I was awarded my PhD in September 2021 by the University of Leeds after successfully defending my thesis, “A structuralist approach to animalism”. I was supervised by Ellen Clarke, Helen Steward, and Steven French. My viva examiners were Gregory Radick (internal) and Eric Olson (external). Prior to that, I received my master’s degree in philosophy from the University of Kansas in 2016. My MA thesis was entitled “Organisms and the extended self: a re-evaluation” and was supervised by Armin Schulz. I received my bachelor’s degree in philosophy (with a minor in cognitive science) from Hartwick College in 2014.
My main areas of research concern the philosophy of science (esp. biology), metaphysics (esp. personal identity), and death. I’m also interested in ethics (esp. medical ethics/bioethics) and philosophy of mind and cognition. Broadly speaking, I’m interested in how various theories of identity (and metaphysics more broadly) affect our understanding of the human condition as well as practical human concerns and practices (e.g., death, science, ethics, and medicine.)

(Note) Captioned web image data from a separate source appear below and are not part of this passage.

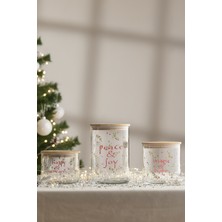 Feyza Design Şık 3'lü Kavanoz Seti 1050CC, 600CC ve 535CC Paketleri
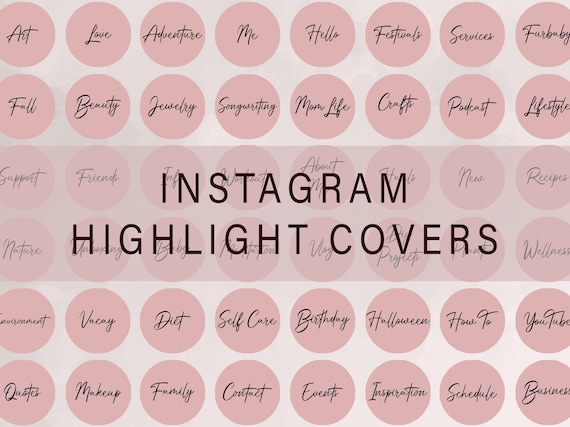126 Pink Words Instagram Story Highlight Covers Boho Icons Grey Cute Ig  General Camera Business Shopify Boutique Photography Digital Floral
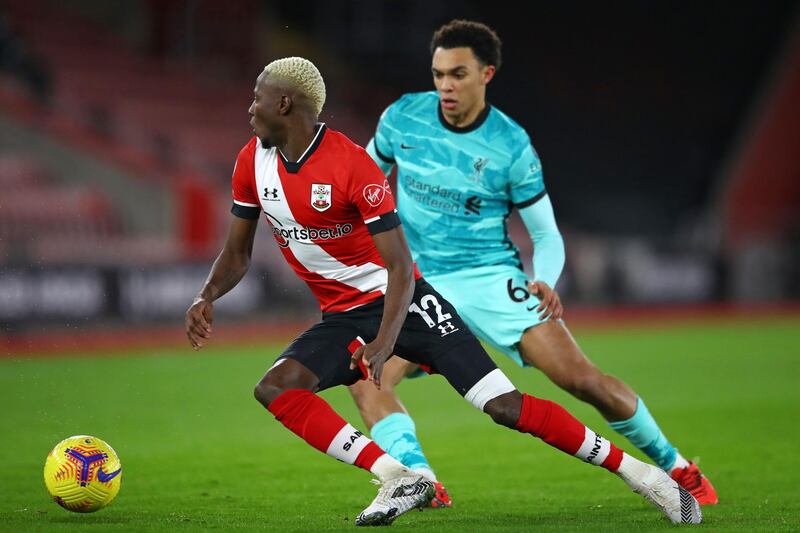 Moussa Djenepo - 6. The Malian caused trouble by running directly at the defence but picked up an injury on one of his dribbles. Limped off after 32 minutes to be replaced by Tella. AFP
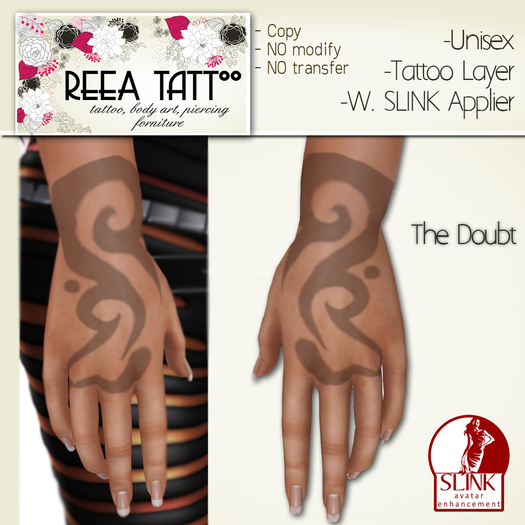 .::ReeA Tattoo::. The Doubt (for Slink Hands)
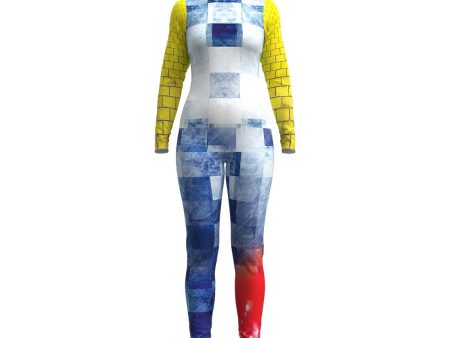 Abstract Oz Unitard Discount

My PhD thesis was on animalism (i.e. the view that we are numerically identical to human animals rather than, say, “Lockean persons” or “souls”). In particular, I applied an eliminativist version of Ontic Structural Realism to metaphysical problems surrounding biological individuality. I then demonstrated how approaching biological individuality in this way can help solve problems that arise in animalist conceptions of identity. As such, I promoted a naturalised version of animalism that is grounded in biology and the philosophy of biology (or, more generally, in science/philosophy of science).
I’m currently a lecturer at my alma mater–Hartwick College.
When I’m not teaching or researching, I enjoy running/playing/and watching Dungeons and Dragons (is it Thursday, yet?), drinking too much coffee whilst reading and writing fiction, and spending time with my wife and son.